Exercise objective
Copy exactly the stretch of data below from the line with "Bosch Smart Home" through the line with "Missy Elliott Joins", including both of those lines.

══ Data provided ══

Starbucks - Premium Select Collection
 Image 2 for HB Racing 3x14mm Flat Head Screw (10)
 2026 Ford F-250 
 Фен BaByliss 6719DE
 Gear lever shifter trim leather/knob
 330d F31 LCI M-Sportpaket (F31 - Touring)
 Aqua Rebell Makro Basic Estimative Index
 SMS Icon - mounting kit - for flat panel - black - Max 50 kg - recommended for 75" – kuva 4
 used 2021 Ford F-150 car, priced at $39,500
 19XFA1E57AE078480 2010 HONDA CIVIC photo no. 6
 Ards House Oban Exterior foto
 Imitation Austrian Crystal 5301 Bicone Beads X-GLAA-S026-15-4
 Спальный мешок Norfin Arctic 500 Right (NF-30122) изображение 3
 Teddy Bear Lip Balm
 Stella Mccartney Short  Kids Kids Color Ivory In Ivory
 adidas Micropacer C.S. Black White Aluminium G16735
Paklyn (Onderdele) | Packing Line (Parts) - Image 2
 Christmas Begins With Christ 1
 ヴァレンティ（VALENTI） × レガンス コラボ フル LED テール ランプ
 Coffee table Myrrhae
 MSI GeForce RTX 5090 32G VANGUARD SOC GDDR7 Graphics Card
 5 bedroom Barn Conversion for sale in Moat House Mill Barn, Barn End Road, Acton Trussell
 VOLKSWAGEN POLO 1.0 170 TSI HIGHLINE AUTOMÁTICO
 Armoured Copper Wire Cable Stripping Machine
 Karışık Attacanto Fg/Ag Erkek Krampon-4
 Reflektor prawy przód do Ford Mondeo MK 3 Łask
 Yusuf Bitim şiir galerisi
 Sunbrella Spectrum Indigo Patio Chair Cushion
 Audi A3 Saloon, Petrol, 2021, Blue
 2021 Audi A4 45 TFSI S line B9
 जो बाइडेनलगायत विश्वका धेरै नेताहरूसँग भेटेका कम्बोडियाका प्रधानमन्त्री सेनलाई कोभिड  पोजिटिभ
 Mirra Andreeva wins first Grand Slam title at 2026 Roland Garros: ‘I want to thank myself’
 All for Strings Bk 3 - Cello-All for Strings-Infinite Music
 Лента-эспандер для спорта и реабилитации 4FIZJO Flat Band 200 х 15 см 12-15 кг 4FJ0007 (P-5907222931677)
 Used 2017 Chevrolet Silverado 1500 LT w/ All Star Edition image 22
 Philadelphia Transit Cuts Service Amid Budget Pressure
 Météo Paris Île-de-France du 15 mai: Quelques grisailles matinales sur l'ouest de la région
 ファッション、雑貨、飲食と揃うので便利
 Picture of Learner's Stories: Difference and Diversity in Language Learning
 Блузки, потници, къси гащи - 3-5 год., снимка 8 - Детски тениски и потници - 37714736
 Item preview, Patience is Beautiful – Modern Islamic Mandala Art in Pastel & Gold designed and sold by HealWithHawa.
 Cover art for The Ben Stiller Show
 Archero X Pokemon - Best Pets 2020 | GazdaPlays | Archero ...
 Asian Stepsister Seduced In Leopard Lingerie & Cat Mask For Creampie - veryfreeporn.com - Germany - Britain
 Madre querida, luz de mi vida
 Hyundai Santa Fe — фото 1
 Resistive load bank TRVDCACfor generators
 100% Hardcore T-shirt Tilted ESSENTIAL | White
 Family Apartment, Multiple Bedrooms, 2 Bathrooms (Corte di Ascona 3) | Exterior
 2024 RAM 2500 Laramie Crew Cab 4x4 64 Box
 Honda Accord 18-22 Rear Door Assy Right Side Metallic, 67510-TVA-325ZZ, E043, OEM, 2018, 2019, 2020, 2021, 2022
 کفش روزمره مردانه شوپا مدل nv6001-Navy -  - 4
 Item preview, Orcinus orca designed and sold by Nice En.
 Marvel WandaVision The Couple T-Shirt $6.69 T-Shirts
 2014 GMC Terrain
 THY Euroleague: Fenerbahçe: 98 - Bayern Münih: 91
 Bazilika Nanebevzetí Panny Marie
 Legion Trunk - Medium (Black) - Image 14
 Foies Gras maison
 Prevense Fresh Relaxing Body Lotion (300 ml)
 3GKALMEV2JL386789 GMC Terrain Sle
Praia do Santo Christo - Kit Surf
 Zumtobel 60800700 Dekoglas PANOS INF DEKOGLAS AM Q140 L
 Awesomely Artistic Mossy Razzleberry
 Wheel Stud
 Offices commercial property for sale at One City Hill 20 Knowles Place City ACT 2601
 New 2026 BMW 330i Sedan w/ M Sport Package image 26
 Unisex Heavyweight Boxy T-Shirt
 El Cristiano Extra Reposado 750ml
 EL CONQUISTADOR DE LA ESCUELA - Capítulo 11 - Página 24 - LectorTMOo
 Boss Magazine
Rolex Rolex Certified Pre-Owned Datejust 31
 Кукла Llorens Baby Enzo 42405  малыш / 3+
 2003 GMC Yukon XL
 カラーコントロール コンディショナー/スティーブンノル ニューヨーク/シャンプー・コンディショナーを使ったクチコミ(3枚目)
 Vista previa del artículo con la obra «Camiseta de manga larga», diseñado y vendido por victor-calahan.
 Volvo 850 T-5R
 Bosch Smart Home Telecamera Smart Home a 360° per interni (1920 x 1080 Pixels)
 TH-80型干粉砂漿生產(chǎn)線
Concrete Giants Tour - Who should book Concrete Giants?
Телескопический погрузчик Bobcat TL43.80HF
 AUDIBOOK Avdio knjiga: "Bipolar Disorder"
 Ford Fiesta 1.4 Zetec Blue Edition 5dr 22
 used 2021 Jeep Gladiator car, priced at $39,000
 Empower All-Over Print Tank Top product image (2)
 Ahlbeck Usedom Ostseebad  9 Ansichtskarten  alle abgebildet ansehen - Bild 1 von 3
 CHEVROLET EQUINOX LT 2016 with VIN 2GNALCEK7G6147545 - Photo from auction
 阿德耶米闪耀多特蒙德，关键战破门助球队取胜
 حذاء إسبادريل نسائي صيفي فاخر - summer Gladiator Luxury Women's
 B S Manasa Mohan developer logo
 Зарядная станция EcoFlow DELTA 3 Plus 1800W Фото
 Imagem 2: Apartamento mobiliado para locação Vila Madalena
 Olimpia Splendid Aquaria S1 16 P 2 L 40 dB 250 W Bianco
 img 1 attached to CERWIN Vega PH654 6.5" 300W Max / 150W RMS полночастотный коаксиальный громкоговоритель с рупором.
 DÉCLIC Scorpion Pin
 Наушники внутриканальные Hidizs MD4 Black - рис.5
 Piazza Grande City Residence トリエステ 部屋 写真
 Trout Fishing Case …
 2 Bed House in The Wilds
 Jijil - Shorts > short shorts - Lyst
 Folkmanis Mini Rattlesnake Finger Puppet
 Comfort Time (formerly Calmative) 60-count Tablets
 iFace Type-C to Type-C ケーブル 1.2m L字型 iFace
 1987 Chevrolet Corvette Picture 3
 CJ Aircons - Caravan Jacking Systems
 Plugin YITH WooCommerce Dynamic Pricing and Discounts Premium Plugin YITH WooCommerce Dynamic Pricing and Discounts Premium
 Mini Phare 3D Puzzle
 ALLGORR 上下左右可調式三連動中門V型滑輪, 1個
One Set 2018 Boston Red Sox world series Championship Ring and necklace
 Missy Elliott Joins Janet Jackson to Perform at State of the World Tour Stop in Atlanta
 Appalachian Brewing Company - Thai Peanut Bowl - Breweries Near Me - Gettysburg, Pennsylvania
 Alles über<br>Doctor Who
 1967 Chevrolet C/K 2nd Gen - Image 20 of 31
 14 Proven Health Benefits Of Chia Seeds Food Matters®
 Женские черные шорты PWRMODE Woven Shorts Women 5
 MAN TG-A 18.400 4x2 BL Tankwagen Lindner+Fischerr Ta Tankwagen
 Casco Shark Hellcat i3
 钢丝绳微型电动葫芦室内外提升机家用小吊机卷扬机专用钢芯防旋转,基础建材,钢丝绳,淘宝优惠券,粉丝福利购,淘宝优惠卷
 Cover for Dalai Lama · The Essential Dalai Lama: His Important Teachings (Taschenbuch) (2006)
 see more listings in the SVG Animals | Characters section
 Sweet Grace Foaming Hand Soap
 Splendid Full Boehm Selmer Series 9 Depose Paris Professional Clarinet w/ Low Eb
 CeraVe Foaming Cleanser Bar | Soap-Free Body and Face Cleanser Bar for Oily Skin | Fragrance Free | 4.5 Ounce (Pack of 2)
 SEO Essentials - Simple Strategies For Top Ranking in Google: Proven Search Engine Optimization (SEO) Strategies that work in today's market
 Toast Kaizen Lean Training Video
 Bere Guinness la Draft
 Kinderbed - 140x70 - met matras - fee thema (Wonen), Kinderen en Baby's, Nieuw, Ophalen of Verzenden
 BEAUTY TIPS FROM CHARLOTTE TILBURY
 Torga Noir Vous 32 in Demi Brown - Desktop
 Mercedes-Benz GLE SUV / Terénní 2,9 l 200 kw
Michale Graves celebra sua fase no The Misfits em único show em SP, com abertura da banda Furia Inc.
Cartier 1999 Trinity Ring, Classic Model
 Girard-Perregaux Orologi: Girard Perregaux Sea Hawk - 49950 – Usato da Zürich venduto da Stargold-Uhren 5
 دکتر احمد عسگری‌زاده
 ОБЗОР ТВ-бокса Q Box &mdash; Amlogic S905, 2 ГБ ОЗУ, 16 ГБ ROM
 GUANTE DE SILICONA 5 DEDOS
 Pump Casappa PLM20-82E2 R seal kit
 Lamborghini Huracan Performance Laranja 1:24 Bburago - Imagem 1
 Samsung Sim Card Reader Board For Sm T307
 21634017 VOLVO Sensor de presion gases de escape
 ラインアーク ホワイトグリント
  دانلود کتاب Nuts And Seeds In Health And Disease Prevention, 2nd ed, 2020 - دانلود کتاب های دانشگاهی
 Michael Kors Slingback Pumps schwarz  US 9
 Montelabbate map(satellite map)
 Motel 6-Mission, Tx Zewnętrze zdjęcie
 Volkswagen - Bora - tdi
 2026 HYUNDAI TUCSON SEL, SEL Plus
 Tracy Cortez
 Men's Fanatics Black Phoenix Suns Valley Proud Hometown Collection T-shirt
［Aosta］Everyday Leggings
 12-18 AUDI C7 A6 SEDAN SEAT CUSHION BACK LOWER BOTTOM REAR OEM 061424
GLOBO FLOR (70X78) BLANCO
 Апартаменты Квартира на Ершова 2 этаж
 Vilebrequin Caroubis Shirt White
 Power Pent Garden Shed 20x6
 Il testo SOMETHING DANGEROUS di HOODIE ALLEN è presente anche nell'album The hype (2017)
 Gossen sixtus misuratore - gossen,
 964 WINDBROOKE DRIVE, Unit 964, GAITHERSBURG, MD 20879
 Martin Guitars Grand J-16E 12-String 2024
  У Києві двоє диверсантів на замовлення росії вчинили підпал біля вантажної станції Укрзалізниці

═══

Response to this task
 Bosch Smart Home Telecamera Smart Home a 360° per interni (1920 x 1080 Pixels)
 TH-80型干粉砂漿生產(chǎn)線
Concrete Giants Tour - Who should book Concrete Giants?
Телескопический погрузчик Bobcat TL43.80HF
 AUDIBOOK Avdio knjiga: "Bipolar Disorder"
 Ford Fiesta 1.4 Zetec Blue Edition 5dr 22
 used 2021 Jeep Gladiator car, priced at $39,000
 Empower All-Over Print Tank Top product image (2)
 Ahlbeck Usedom Ostseebad  9 Ansichtskarten  alle abgebildet ansehen - Bild 1 von 3
 CHEVROLET EQUINOX LT 2016 with VIN 2GNALCEK7G6147545 - Photo from auction
 阿德耶米闪耀多特蒙德，关键战破门助球队取胜
 حذاء إسبادريل نسائي صيفي فاخر - summer Gladiator Luxury Women's
 B S Manasa Mohan developer logo
 Зарядная станция EcoFlow DELTA 3 Plus 1800W Фото
 Imagem 2: Apartamento mobiliado para locação Vila Madalena
 Olimpia Splendid Aquaria S1 16 P 2 L 40 dB 250 W Bianco
 img 1 attached to CERWIN Vega PH654 6.5" 300W Max / 150W RMS полночастотный коаксиальный громкоговоритель с рупором.
 DÉCLIC Scorpion Pin
 Наушники внутриканальные Hidizs MD4 Black - рис.5
 Piazza Grande City Residence トリエステ 部屋 写真
 Trout Fishing Case …
 2 Bed House in The Wilds
 Jijil - Shorts > short shorts - Lyst
 Folkmanis Mini Rattlesnake Finger Puppet
 Comfort Time (formerly Calmative) 60-count Tablets
 iFace Type-C to Type-C ケーブル 1.2m L字型 iFace
 1987 Chevrolet Corvette Picture 3
 CJ Aircons - Caravan Jacking Systems
 Plugin YITH WooCommerce Dynamic Pricing and Discounts Premium Plugin YITH WooCommerce Dynamic Pricing and Discounts Premium
 Mini Phare 3D Puzzle
 ALLGORR 上下左右可調式三連動中門V型滑輪, 1個
One Set 2018 Boston Red Sox world series Championship Ring and necklace
 Missy Elliott Joins Janet Jackson to Perform at State of the World Tour Stop in Atlanta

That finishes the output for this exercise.